Harry Stella

Profile
- Position: Tackle

Personal information
- Born: December 24, 1916 Iowa, U.S.
- Died: February 8, 1997 (aged 80) Tacoma, Washington, U.S.

Career information
- College: United States Military Academy

Career history
- 1937–1939: Army

Awards and highlights
- First-team All-American (1939); First-team All-Eastern (1939); Second-team All-Eastern (1938);

= Harry Stella =

American football player and United States Army officer

Harry Ami Stella (December 24, 1916 – February 8, 1997) was an American football player and United States Army officer.

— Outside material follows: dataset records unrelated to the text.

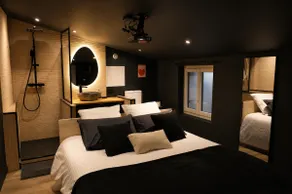 Eclipse: Romantic Loft • Hot Tub • Private Home Theater - Image 3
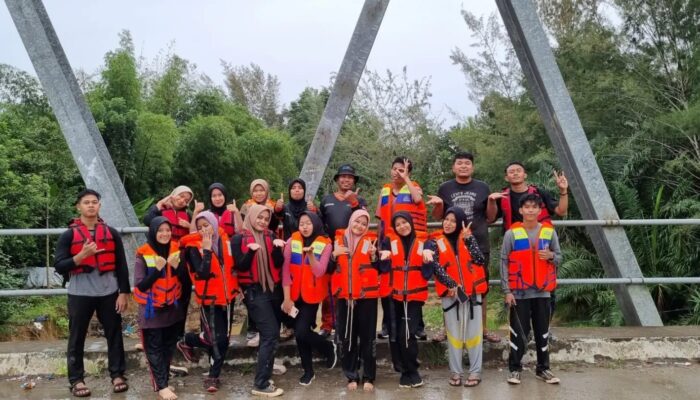 Peringati Hari Relawan Internasional, BSI Bersihkan Sungai Dan Warsos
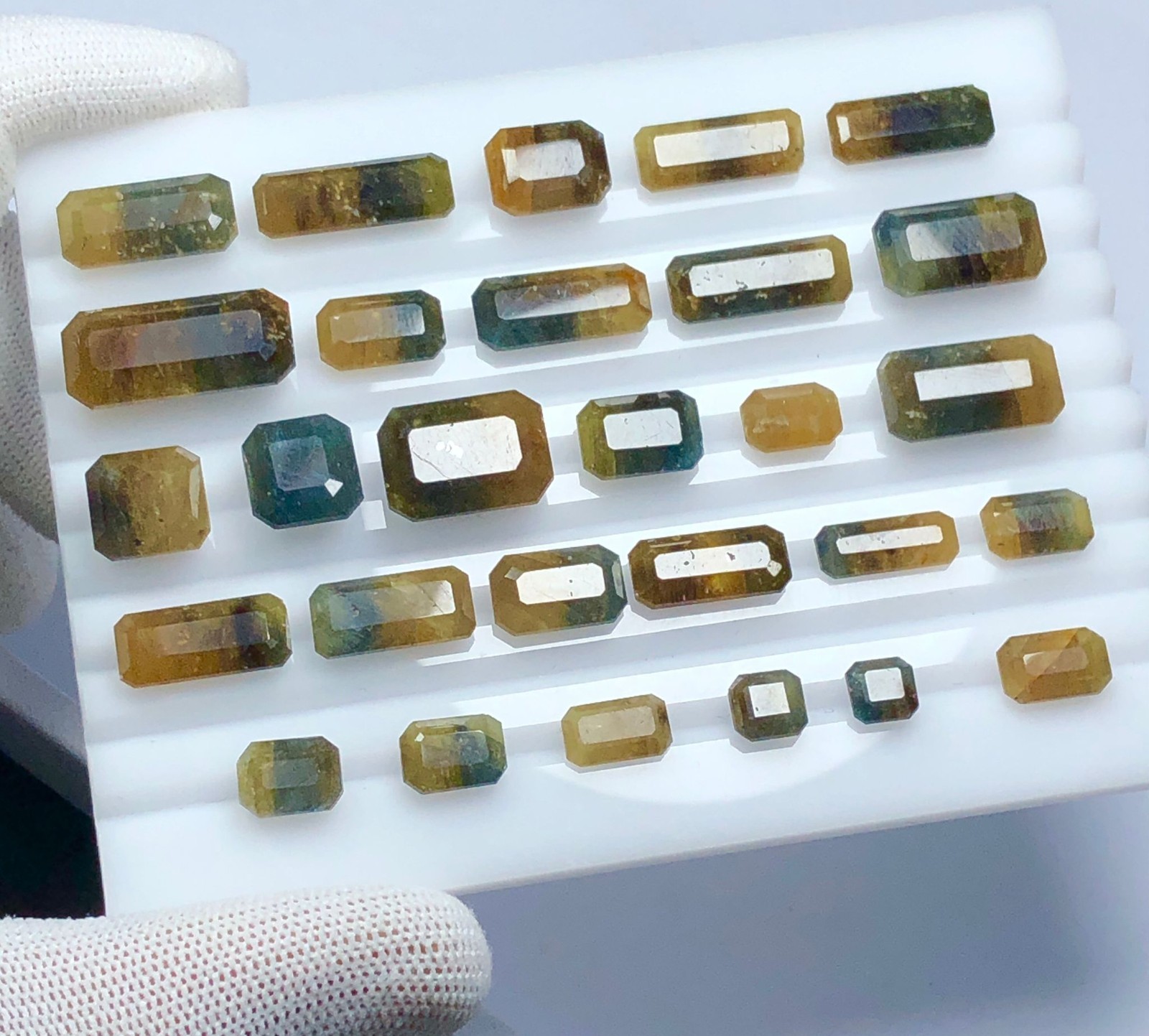 Bi color Sapphire Gemstones lot – 184 carats from Africa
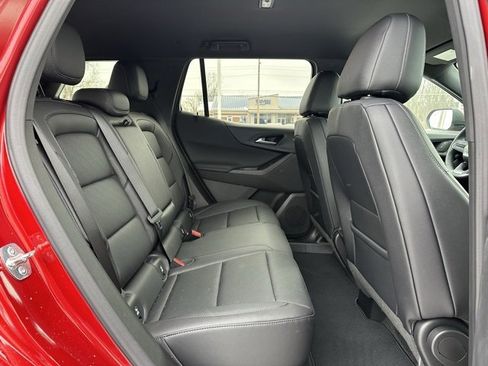 Used 2026 Chevrolet Equinox LT w/ Convenience Package II image 11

Stella was born in Iowa and grew up in Kankakee, Illinois. He attended the Missouri School of Mines before enrolling at the United States Military Academy in 1936. Stella played at the tackle position for the Army Cadets football team. He was captain of Army's 1939 football team and was selected by the United Press, Newsweek magazine, and International News Service (INS) as a first-team player on the 1939 College Football All-America Team. He also played for the Army baseball team and was the Eastern intercollegiate heavy weight boxing champion.

After graduating from the Military Academy, Stella served in the United States Army until 1970, including service in the Pacific Theater during World War II and in the Korean War. He was awarded a Silver Star for gallantry in action and the Legion of Merit for his work as a planner at the Joint Amphibious School. In 1955, he was promoted to the rank of colonel.